While some people think a hoagie is the same as a sub or a hero sandwich, a hoagie is different from either. For one thing, a hoagie is never toasted. And the sauce is always an oil-based sauce with plenty of spices.
Trust us, the oregano vinegarette is the only sauce you’ll ever want on a hoagie.
What’s in a Name? Is a Hoagie Always a Hoagie?
Shakespeare pondered if a rose by any other name would smell as sweet. The same debate applies here.
The name hoagie is the official name of this sandwich in Philadelphia. But in other parts of the US, the hoagie goes by other names.
It is sometimes called a sub, poor boy, grinder or hero sandwich (even though those names aren’t accurate). In some areas, a hoagie is even called a zeppelin.
No matter what you call it, there’s no denying that Boos Philly Cheesesteaks serves some of the best hoagies around.

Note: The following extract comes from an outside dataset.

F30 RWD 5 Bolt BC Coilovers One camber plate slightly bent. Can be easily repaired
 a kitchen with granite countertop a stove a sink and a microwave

The Origin of the Hoagie Sandwich
With a name like hoagie, you know there’s got to be a story behind the name. Well, actually, the hoagie has four origin stories.
Origin Story #1 – Italian Shipworks
One of the origin stories for the hoagie goes like this.
The Philadelphia Navy Yard used to be called Hog Island and the workers were nicknamed hoggies. (Now the shipyard is long gone and currently the home of the international airport).
Many of the Italian immigrants that worked on building ships often brought freshly baked rolls stuffed with cold cuts, veggies, spices, and oil.
So people started to nickname their special sandwiches hoggies. In other words, the hoggies who worked on Hog Island would eat Hoggies for lunch.
No one is quite sure when or how hoggie morphed into hoagie, but it just did. Maybe it just sounds less insulting and pig-like.
Origin Story #2 – A Moocher Named Hogan
Another version of the hoagie sandwich origin story also takes place at Hog Island, the largest shipyard in the world.
This story claims that one of the workers on the shipyard was an Irish worker named Hogan. This Hogan wasn’t worried about manners, apparently.
When he saw the delicious sandwiches his co-worker’s wife packed him, he couldn’t resist. Every day he would ask his co-worker to please pack an extra sandwich for him. He did pay for them, apparently.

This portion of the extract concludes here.